Valproic acid (VPA) is widely used for treating children with epilepsy. Although VPA is affordable and effective in the control of multiple seizure types, large interindividual variability exists in its pharmacokinetics and pharmacodynamics. Such variability may reflect functional consequences of genetic polymorphisms in genes encoding drug metabolizing enzymes giving rise to variability in the metabolism and clinical response to VPA.

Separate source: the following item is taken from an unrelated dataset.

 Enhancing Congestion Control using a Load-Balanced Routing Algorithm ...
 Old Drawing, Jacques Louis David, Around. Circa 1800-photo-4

The hepatic biotransformation of VPA involves three major metabolic ways, including uridine diphosphate glucuronosyltransferases (UDPGT) mediated pathway which accounts for up to 50% of administered dose. UGT isozymes were found to be highly polymorphic, and some of the polymorphisms can lead to both transcriptional and functional changes of these enzymes. Some studies have identified several polymorphisms in the UGT1A6 gene, including 552A>C and 541A>G, and were found to be associated with the variability in glucuronidation of their substrates in the in vitro models. Further, genotype-phenotype association studies were conducted both in adult and pediatric patients, investigating the plausible influence of polymorphic genetic variants on VPA pharmacokinetics. However, results obtained were controversial, heterogeneous populations were included in these studies; moreover, no studies were validated in Egyptians or Caucasian ethnicity.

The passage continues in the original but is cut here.